'''
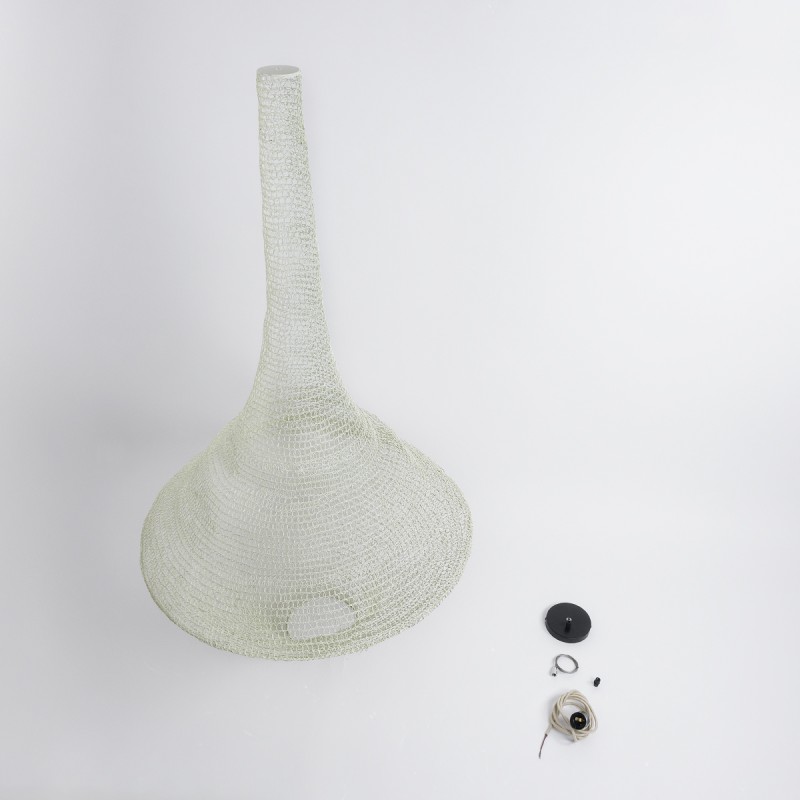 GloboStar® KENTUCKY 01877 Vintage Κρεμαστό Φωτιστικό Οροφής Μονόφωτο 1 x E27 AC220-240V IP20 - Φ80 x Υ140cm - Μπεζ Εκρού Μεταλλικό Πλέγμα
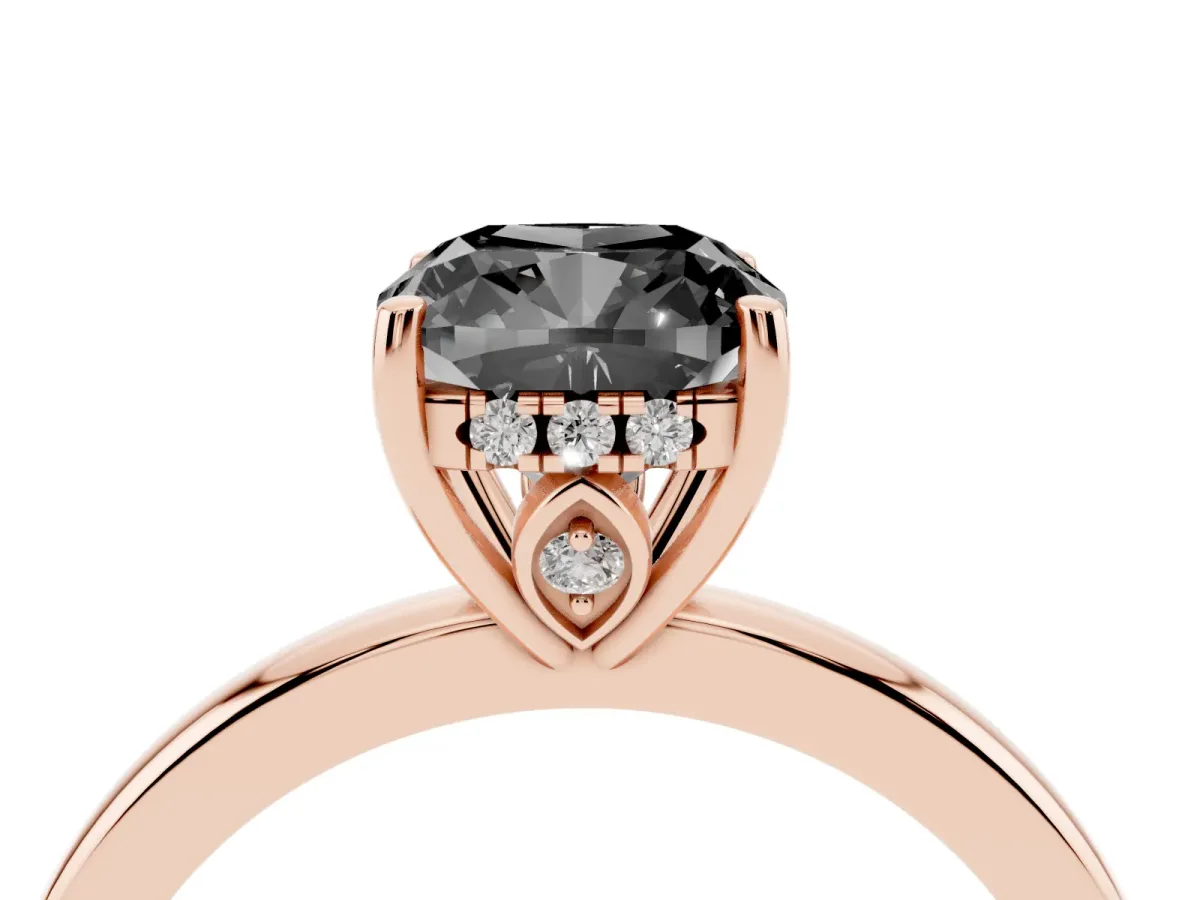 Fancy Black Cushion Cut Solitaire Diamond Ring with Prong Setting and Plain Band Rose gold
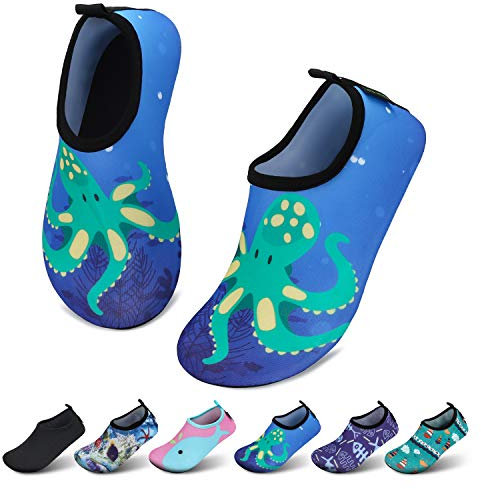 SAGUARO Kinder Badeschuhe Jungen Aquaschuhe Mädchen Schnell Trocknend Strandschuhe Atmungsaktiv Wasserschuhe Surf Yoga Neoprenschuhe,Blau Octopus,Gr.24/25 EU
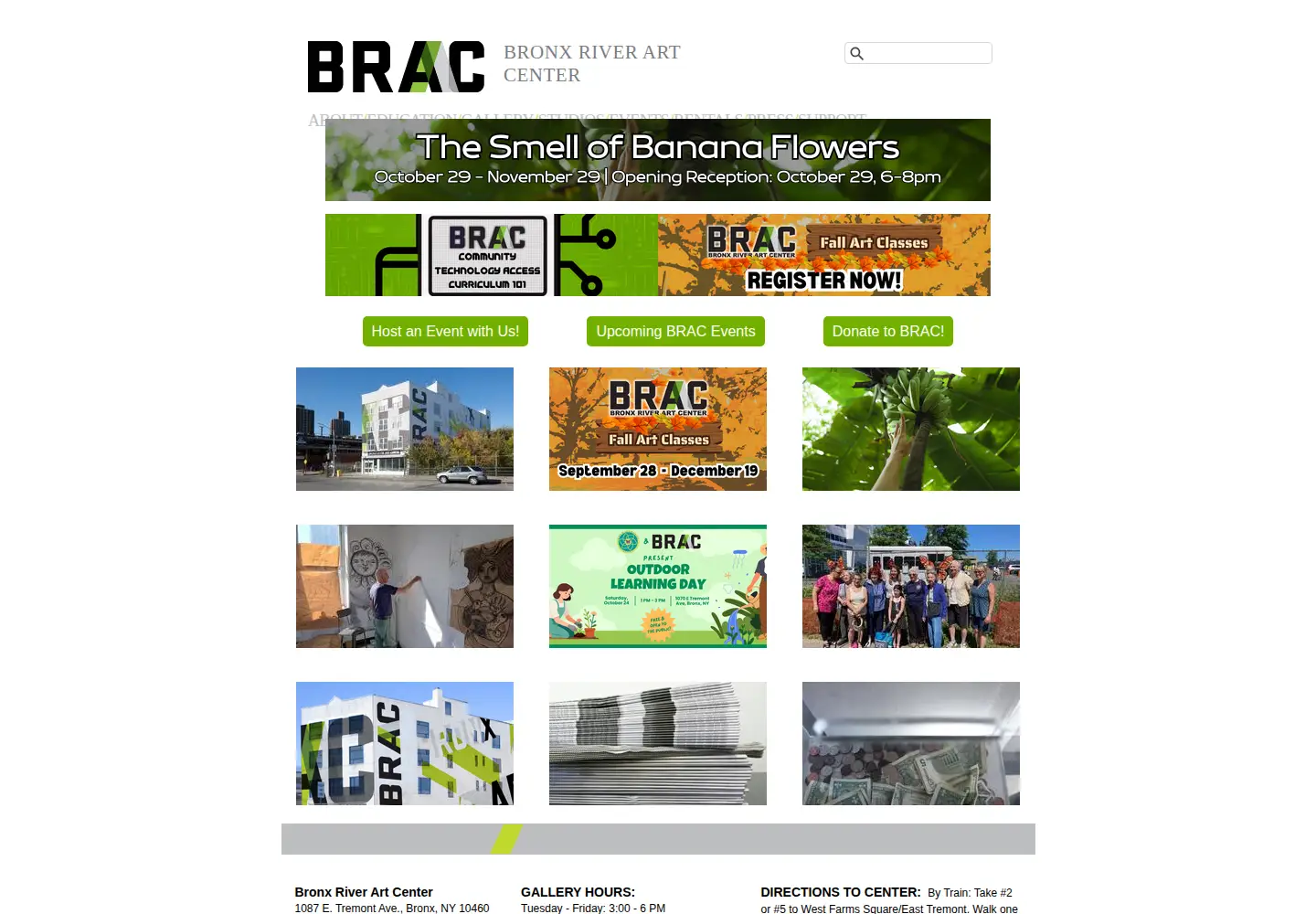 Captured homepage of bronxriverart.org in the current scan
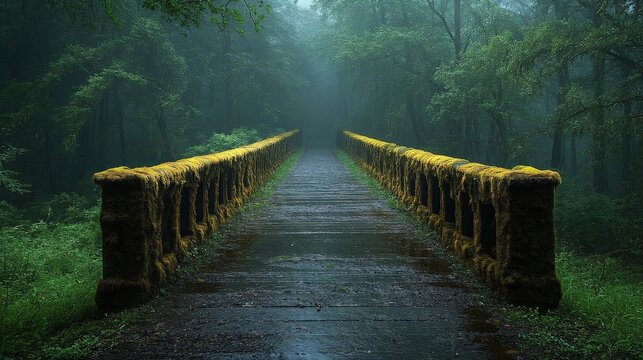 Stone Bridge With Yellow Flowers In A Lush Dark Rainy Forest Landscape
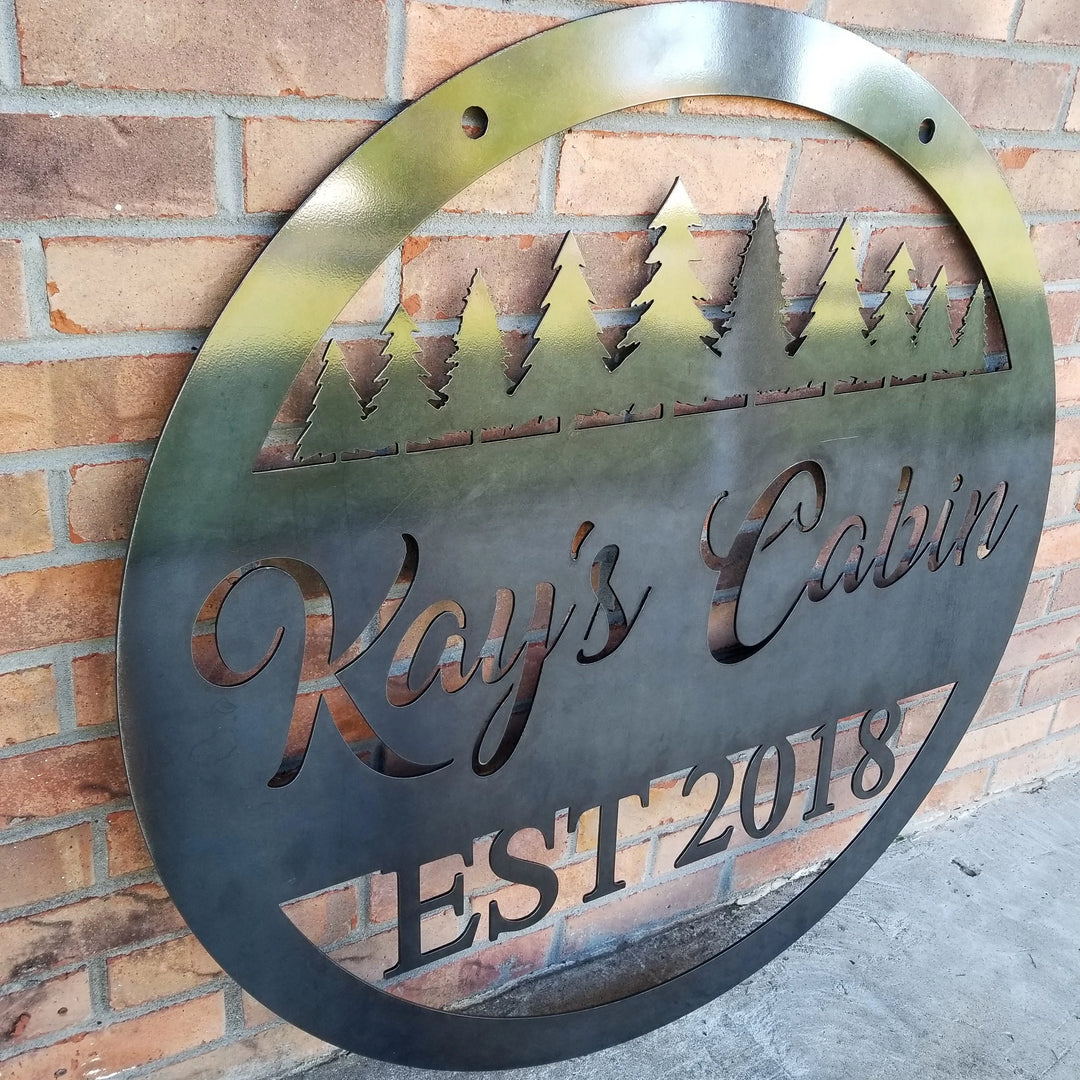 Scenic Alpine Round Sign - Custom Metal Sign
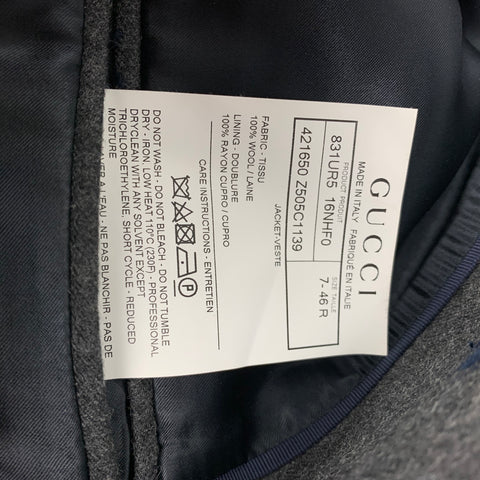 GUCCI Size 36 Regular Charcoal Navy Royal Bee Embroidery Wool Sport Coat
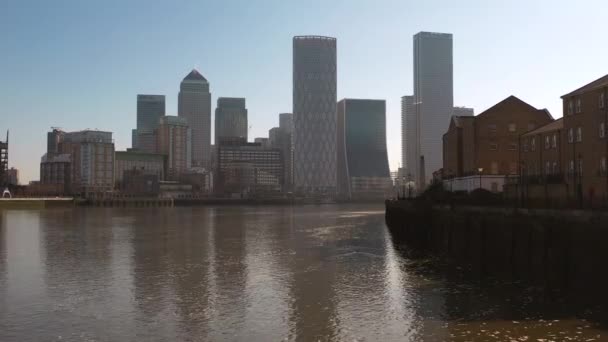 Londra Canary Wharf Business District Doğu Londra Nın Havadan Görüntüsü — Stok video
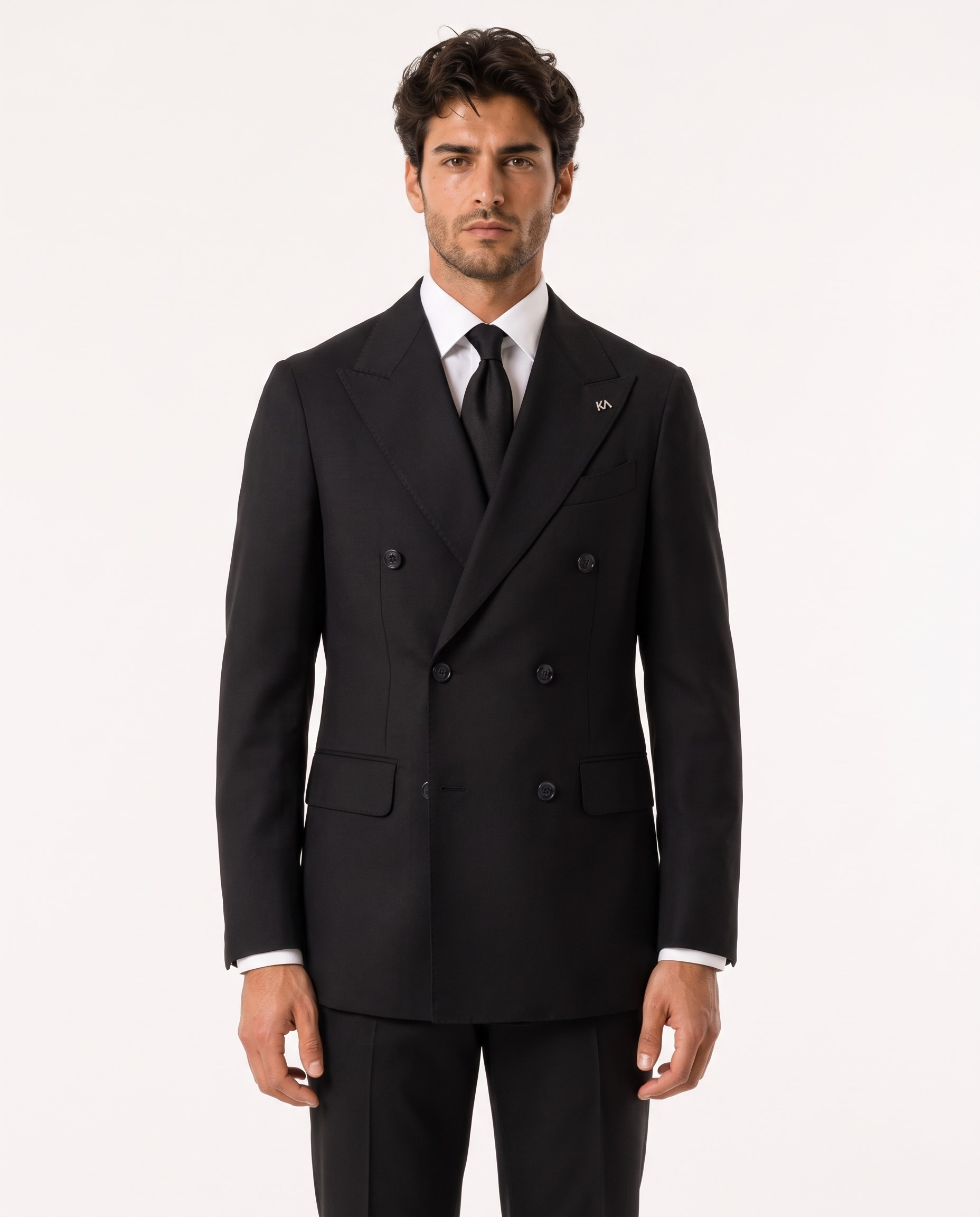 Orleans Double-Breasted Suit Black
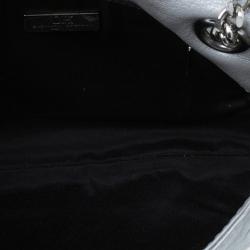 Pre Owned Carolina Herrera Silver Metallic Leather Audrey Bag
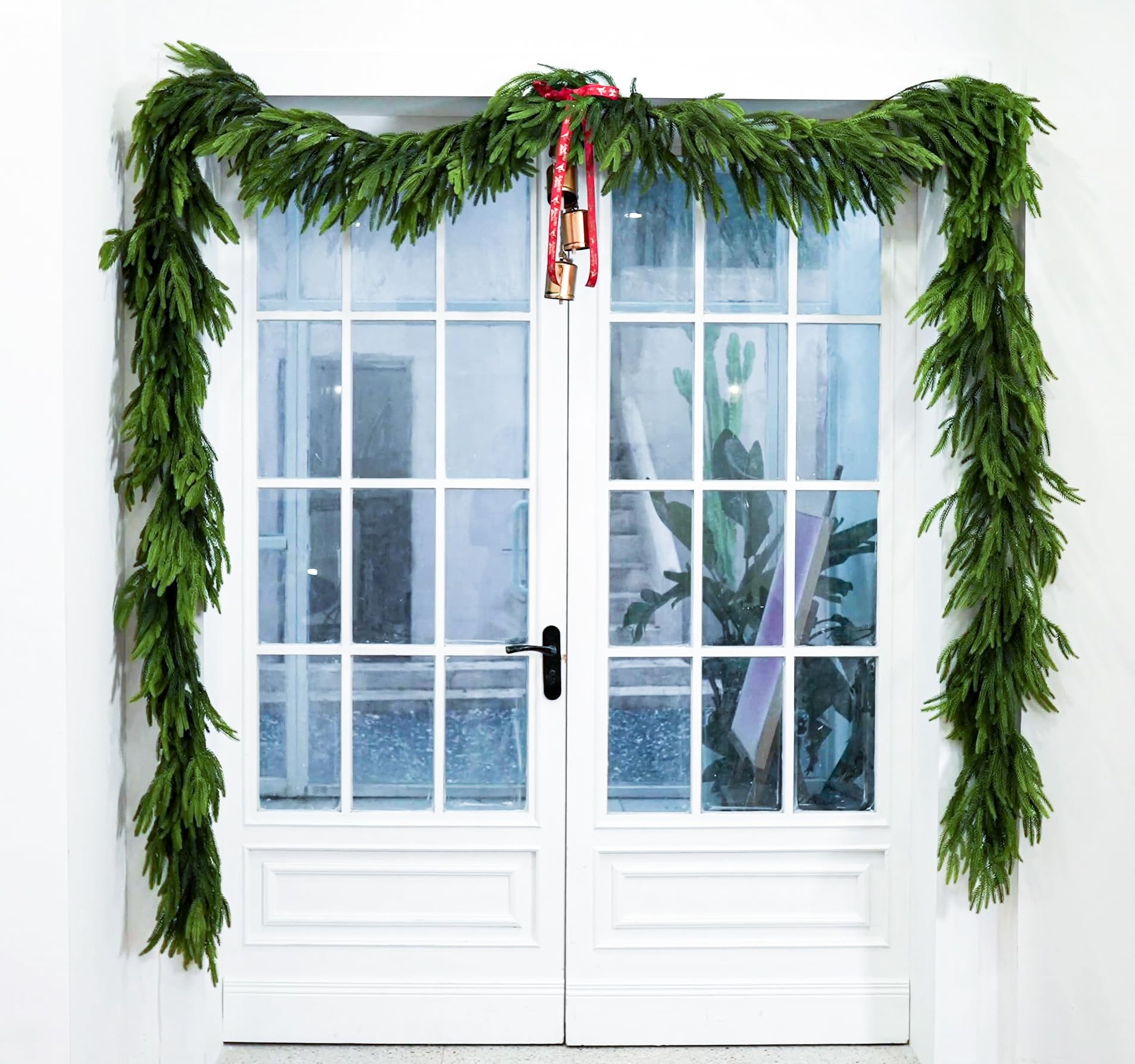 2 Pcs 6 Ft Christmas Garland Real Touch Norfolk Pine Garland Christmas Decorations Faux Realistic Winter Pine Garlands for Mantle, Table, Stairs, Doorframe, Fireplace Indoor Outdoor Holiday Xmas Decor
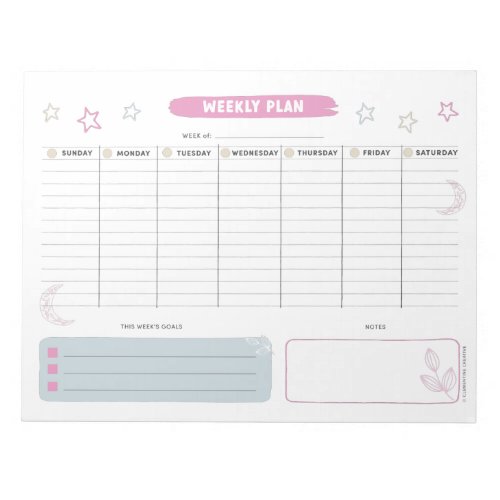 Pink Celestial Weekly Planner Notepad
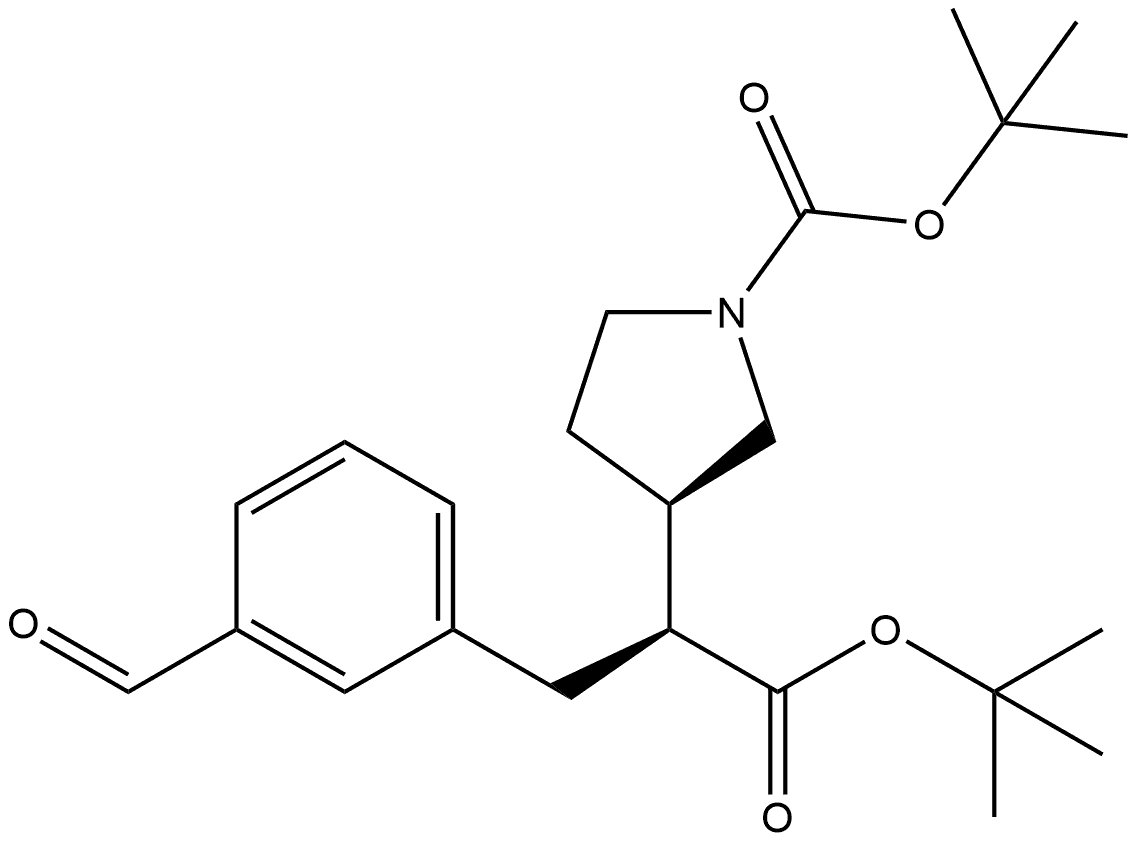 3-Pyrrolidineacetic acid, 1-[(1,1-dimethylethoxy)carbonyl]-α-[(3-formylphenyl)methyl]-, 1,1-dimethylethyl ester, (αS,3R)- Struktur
'''
**About this exercise**
Pictures are not part of the copy; reproduce exactly and only the lines from the line containing "Pink Celestial Weekly Planner Notepad" through the end of the listing.

**Answer to this problem**
 Pink Celestial Weekly Planner Notepad
 3-Pyrrolidineacetic acid, 1-[(1,1-dimethylethoxy)carbonyl]-α-[(3-formylphenyl)methyl]-, 1,1-dimethylethyl ester, (αS,3R)- Struktur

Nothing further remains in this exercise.